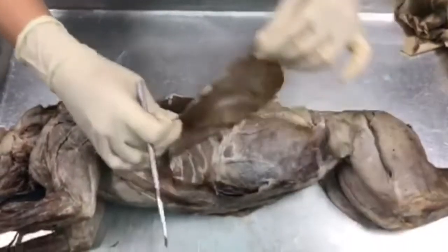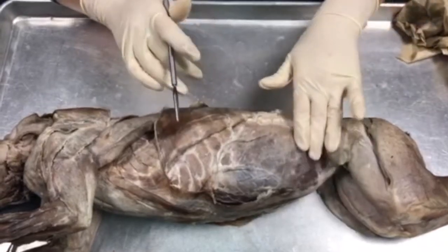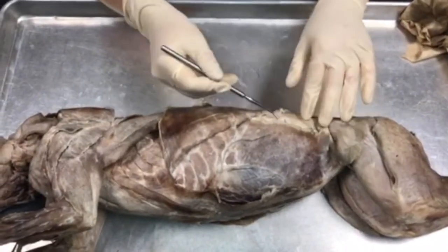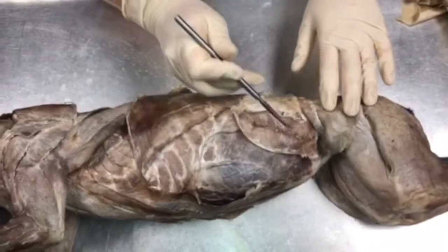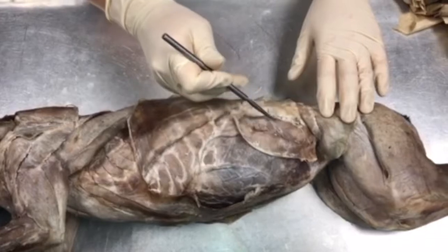If we pull this back, we're going to expose this muscle right here, which is going to be known as your internal oblique. If we flip this thin layer back of your internal oblique, we'll expose this muscle right here, and this is going to be your transverse abdominis.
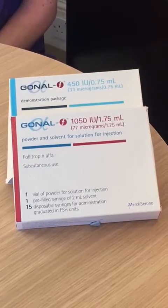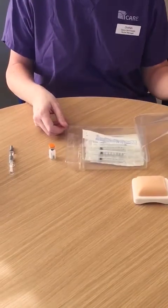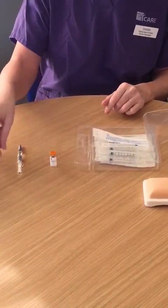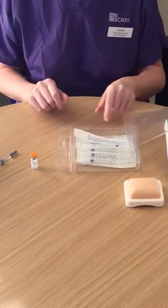I'm going to show you how to prepare and administer Gonal-F multi-dose vials. Remove your pack from the box and open your pack. Inside your pack you will have a vial with powder, a syringe with some solvent solution in, and some needles for administration.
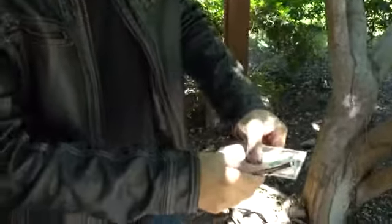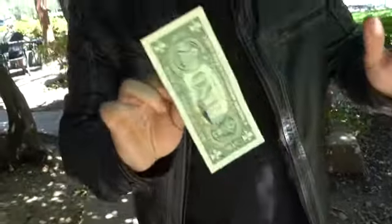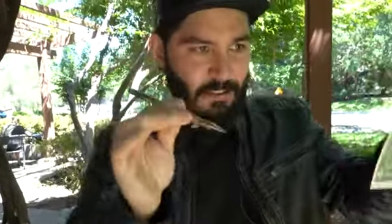You just come over, stretch the bill, and right there you have the pen go straight through the bill. You pull it straight out, and without having to ditch or put anything away, you have absolutely everything here.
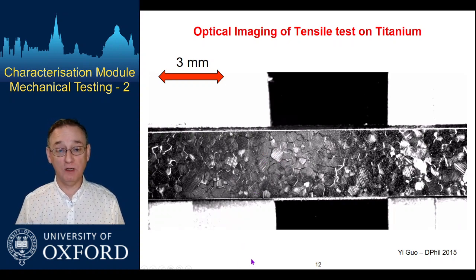Of course, if you were interested in what was happening around a hole or a notch, you might not need that. The patterning on the surface would allow us to measure the strain across the whole field from the distortion of that pattern under load — grain-to-grain strain variations could be measured through something called digital image correlation.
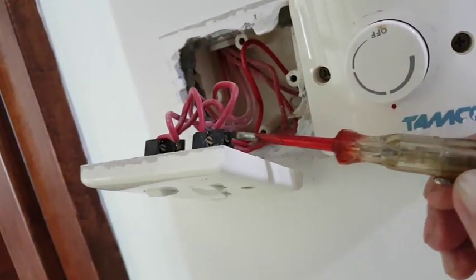After removing this, I'll test which one is live. Just don't assume — test it with a test pen. You can see, test pen. This is live.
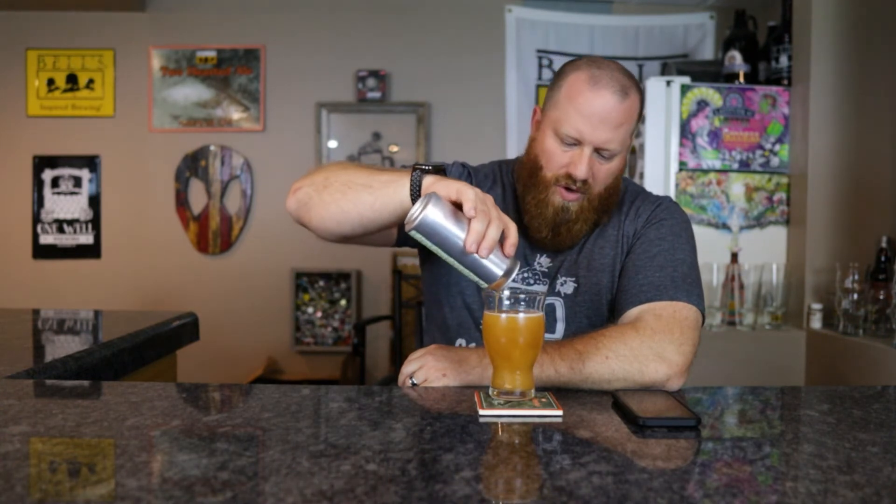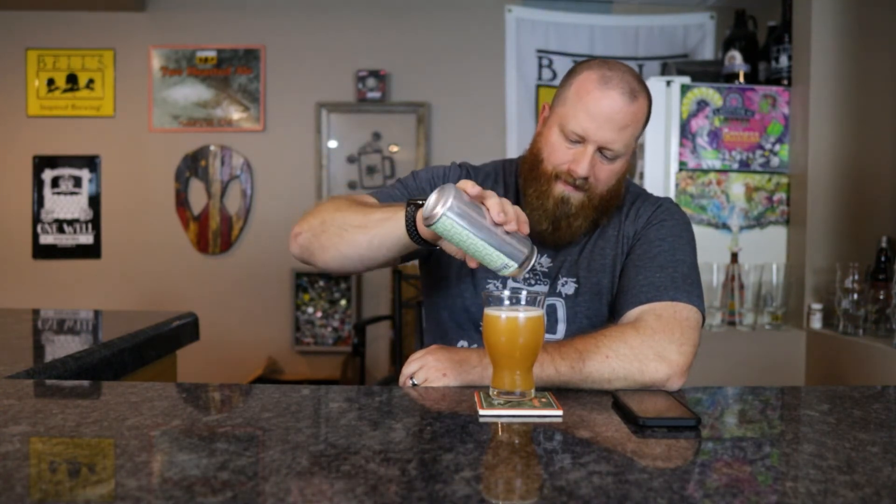Let's pour the rest of this. Whoa, now we got chunks — definitely a lot of floaters in there now. That helped lighten up the body. I would say it's a medium body now. Before, with some left in the can, it was a lot thicker.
++++++++++++++++++++
→ **WHAT THE TASK REQUIRES**
All that is wanted is the run of lines from the start of the material through the line that holds "I'm going to", retyped exactly, with no pictures.

→ **TASK RESULT**
If we pull this back, we're going to expose this muscle right here, which is going to be known as your internal oblique. If we flip this thin layer back of your internal oblique, we'll expose this muscle right here, and this is going to be your transverse abdominis.
I'm going to show you how to prepare and administer Gonal-F multi-dose vials. Remove your pack from the box and open your pack. Inside your pack you will have a vial with powder, a syringe with some solvent solution in, and some needles for administration.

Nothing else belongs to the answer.